II – Estudo Comentado

       Comentário do texto: A Imagem do Inferno de Hannah Arendt. Parte I.

        Não pude ler comentadores específicos do texto em questão. Se alguém puder indicar algum comentador específico, ficaria agradecido! Bem, vamos aos pontos que achei interessante mencionar (recapitulando): o problema da própria compreensão da natureza dos crimes e do estado totalitário; a questão da culpabilidade; a diferença entre crimes de estado, guerra e contra a humanidade; a questão da técnica e da ciência quando utilizadas com fins políticos; da ideologia e do terror; do poder.

          “Poderá exigir-se justificadamente aos judeus, acusadores solenes do povo alemão perante o tribunal do mundo civilizado, que elaborem... um libelo (exposição articulada do que pretende se provar contra um réu) em regra.

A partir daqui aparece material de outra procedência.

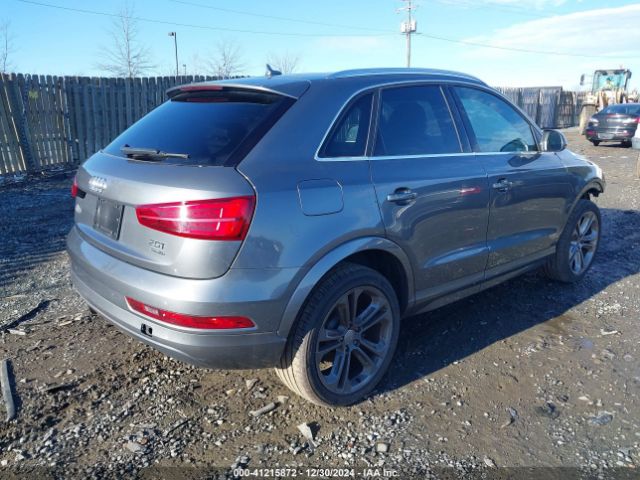 WA1EFCFS4GR015986 Audi Q3 2.0t Premium Plus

A coisa é fácil de fazer... O sangue das vítimas de Hitler grita e irrompe do chão que o soterra. O objetivo desse documento é formular o sentido desse grito”(ARENDT, Hannah. A Imagem do Inferno. Compreensão e Política e outros Ensaios. Editora relógio D'Água. p. 116). O chamado Livro Negro deveria contar a história do que aconteceu nos últimos dez anos (anterior a 1945) para que se pudesse provar a culpabilidade do povo alemão frente ao que aconteceu ao povo judeu. Arendt comenta o Livro Negro e, ao nosso ver, já com a desconfiança de que não fora somente um crime contra um povo, mas sim contra a prórpria humanidade. Mais que isso, o próprio problema da compreensão do que aconteceu se coloca de forma derradeira para Arendt.

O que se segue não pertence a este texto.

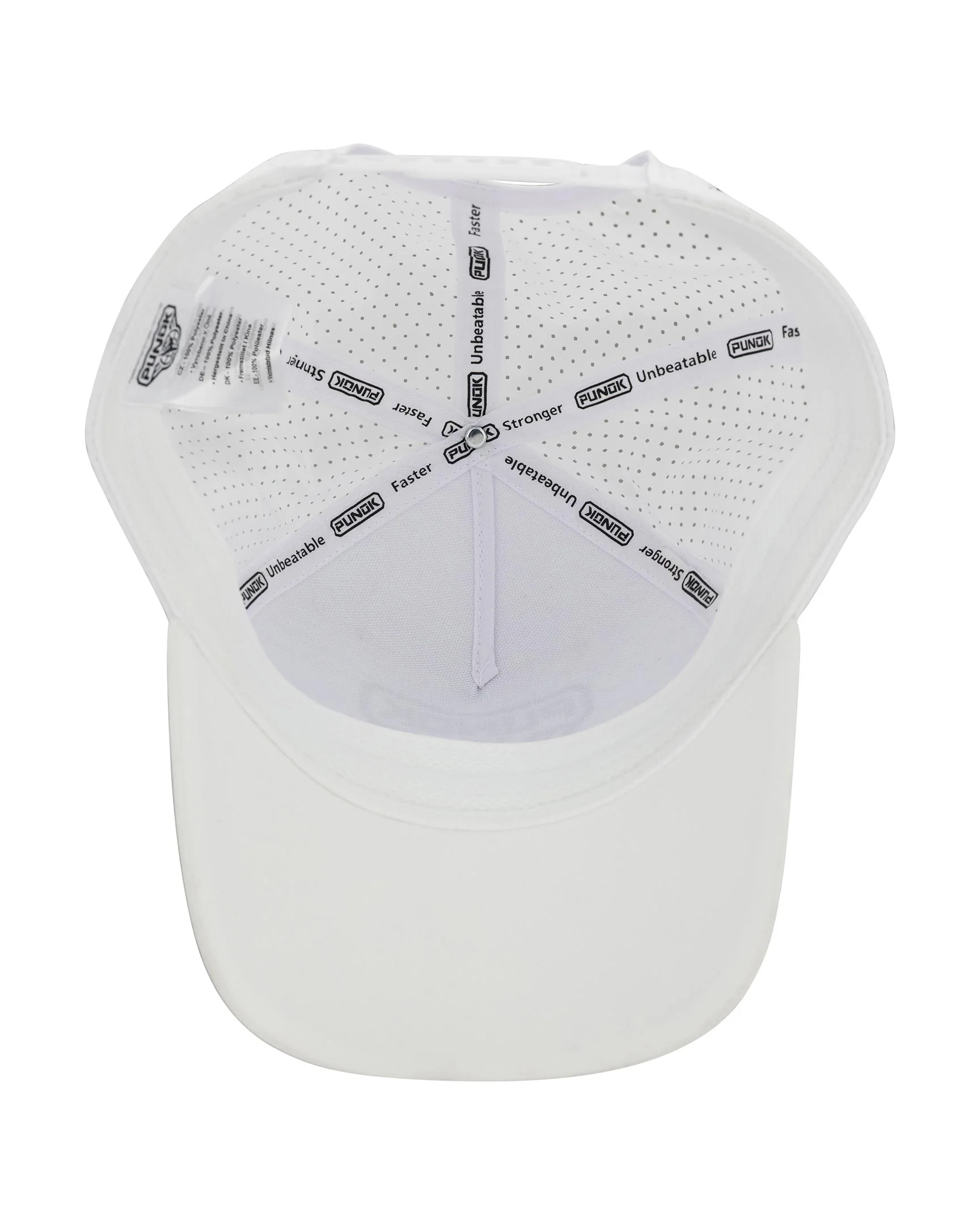 Punok Fighter Performance Hat - Image 10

          Foi justamente por falta de compreender e elucidar os os fatos que levaram ao Holocausto (termo que suscitará estudo mais a frente), que o chamado Livro Negro é um fracasso. Um dos traços marcantes do sistema totalitário foi a intensificação do terror (tema que será um conceito e subtítulo de Origens do Totalitarismo alguns anos depois) e as próprias condições humilhantes: “as pessoas morriam como gado, como coisas que não tivessem corpo nem alma, ou sequer um rosto que a morte marcasse com seu selo. É nessa igualdade monstruosa, sem fraternidade nem humanidade – uma igualdade que poderia ter sido compartilhada pelos cães e gatos - que se vê, como se nela se refletisse, a imagem do Inferno”(p. 117).

       Tanto a perversidade dos criminosos, como a inocência das vítimas transcendem as capacidades de compreensão humanas para Arendt. O que não impede a compreensão dos fatos. A perversidade que estabeleceu uma igualdade suprema é tão difícil de compreender quanto uma pena para um crime que excede da mesma forma a justiça humana. As câmaras de gás não possuem uma compreensão ou uma explicação aceitável. Mas é justamente aí, no inaudito, que é preciso lançar mão da própria compreensão. Arendt nesses textos iniciais busca, de alguma forma, demonstrar o caráter de novidade do totalitarismo, da quebra da tradição, da quebra entre o passado e o futuro. Conceitos que se tornarão chaves para compreender o pensamento da autora.
          Continua.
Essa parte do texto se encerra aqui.